Moments forts et souvenirs Alexis Georgacopoulos
1 → Le SaloneSatellite En 2001, l’ECAL participe pour la première fois au SaloneSatellite (dédié aux jeunes designers) au Salon du meuble de Milan. Dans le cadre d’un atelier dirigé par Christophe Marchand, Martino D’Esposito a dessiné trois tables antisismiques en acier rouge, des objets «manifestes». Pour faire une scénographie très minimale et mettre en valeur les tables, Pierre Keller et moi n’avions pas prévu de chaises. Pour tenir le stand, nous sommes donc restés debout durant les quatre jours de l’exposition. Cette année-là, on a reçu le prix du meilleur stand du SaloneSatellite.
2 → Swiss Design Now à Shanghai En 2003-2004, Pierre Keller est curateur de l’expo Swiss Design Now à Shanghai, Pékin, Guangzhou, Valence et Martigny. À Shanghai, elle est organisée dans un musée privé, un bâtiment magnifique mais avec un personnel peu qualifié pour ce genre d’événement. On a dû tout faire nous-mêmes. Comme on ne pouvait travailler que de 10h du soir à 6h du matin, on nous a enfermés dans le musée. Au moment de nettoyer les traces de colle de l’exposition on s’est aperçus qu’il n’y avait pas de produit. On l’a fait avec de la vodka trouvée dans le restaurant du musée. Et au matin, pour sortir, on a dû escalader des murs et des barrières. Comme quoi, on était prêts à tout pour le design! 3 → ECAL Photography En 2013, l’ECAL présente l’exposition «ECAL Photography» dans la galerie du célèbre couturier Azzedine Alaïa à Paris. Dans une scénographie spécialement créée par le designer Adrien Rovero, l’exposition propose une sélection de travaux réalisés par de jeunes talents lors de leur cursus en Bachelor Photographie à l’ECAL. La commissaire d’exposition Nathalie Herschdorfer a choisi les images en collaboration avec Milo Keller et moi-même. Intitulé «ECAL Photography», le livre édité pour l’événement est publié chez Hatje Cantz, éditeur reconnu pour son catalogue de publications sur la photo.
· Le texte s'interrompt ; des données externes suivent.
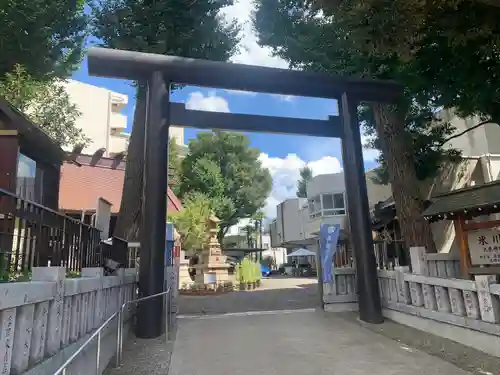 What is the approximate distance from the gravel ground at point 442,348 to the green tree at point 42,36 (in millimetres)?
12752

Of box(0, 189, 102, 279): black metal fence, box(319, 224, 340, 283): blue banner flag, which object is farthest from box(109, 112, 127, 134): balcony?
box(0, 189, 102, 279): black metal fence

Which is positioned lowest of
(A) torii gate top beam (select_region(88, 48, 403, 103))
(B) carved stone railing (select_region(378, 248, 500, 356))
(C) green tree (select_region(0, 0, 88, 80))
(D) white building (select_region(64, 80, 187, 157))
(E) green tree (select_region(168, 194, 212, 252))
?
Answer: (B) carved stone railing (select_region(378, 248, 500, 356))

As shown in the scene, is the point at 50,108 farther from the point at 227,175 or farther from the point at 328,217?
the point at 227,175

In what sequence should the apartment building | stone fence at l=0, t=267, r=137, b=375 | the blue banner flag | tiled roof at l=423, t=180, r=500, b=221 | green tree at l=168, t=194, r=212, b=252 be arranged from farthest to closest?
1. green tree at l=168, t=194, r=212, b=252
2. the apartment building
3. the blue banner flag
4. tiled roof at l=423, t=180, r=500, b=221
5. stone fence at l=0, t=267, r=137, b=375

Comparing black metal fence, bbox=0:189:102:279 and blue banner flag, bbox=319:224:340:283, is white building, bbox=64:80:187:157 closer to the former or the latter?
blue banner flag, bbox=319:224:340:283

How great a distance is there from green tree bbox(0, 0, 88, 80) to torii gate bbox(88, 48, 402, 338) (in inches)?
263

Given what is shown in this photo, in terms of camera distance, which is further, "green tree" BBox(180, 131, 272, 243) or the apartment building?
"green tree" BBox(180, 131, 272, 243)

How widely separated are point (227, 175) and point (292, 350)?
1116 inches

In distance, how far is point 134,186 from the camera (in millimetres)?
11156

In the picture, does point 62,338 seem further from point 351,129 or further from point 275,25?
point 275,25

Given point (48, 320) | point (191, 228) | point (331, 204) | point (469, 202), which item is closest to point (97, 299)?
point (48, 320)

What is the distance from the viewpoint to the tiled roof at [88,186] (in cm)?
1572

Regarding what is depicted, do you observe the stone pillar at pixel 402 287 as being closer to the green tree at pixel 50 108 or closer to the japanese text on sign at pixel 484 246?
the japanese text on sign at pixel 484 246

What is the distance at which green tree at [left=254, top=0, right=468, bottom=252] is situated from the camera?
9.51 m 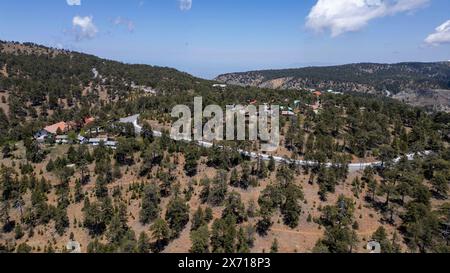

4 → Delirious Home Cette exposition a gagné le Milano Design Award 2014 pour la meilleure exposition présentée au Salon international du meuble de Milan. «Delirious Home» met en scène les travaux réalisés par les étudiants en Bachelor Design Industriel et en Media & Interaction Design de l’ECAL. Un projet transdiciplinaire dirigé par Alain Bellet et Chris Kabel. Cette série d’objets propose une interprétation ludique du concept de «maison intelligente». Plusieurs projets ont ensuite été acquis par le Victoria & Albert Museum à Londres pour sa collection permanente, une marque de reconnaissance absolue! 5 → Retour à l’Espace Arlaud De septembre à novembre 2021, le temps d’une exposition unique, l’ECAL revient à l’Espace Arlaud. Depuis ses débuts et pendant plus d’un siècle, c’est là que l’ECAL fut hébergée. Quel meilleur endroit trouver pour démarrer les célébrations de son bicentenaire? L’exposition présente des projets de diplômes Bachelor et Master 2021. Une occasion unique de découvrir les talents de demain par le biais de réalisations en arts visuels, cinéma, design industriel, graphisme, media & interaction design, photographie et typographie. En parallèle, un programme d’activités variées a été proposé, telles que des visites guidées, des performances, des workshops, etc.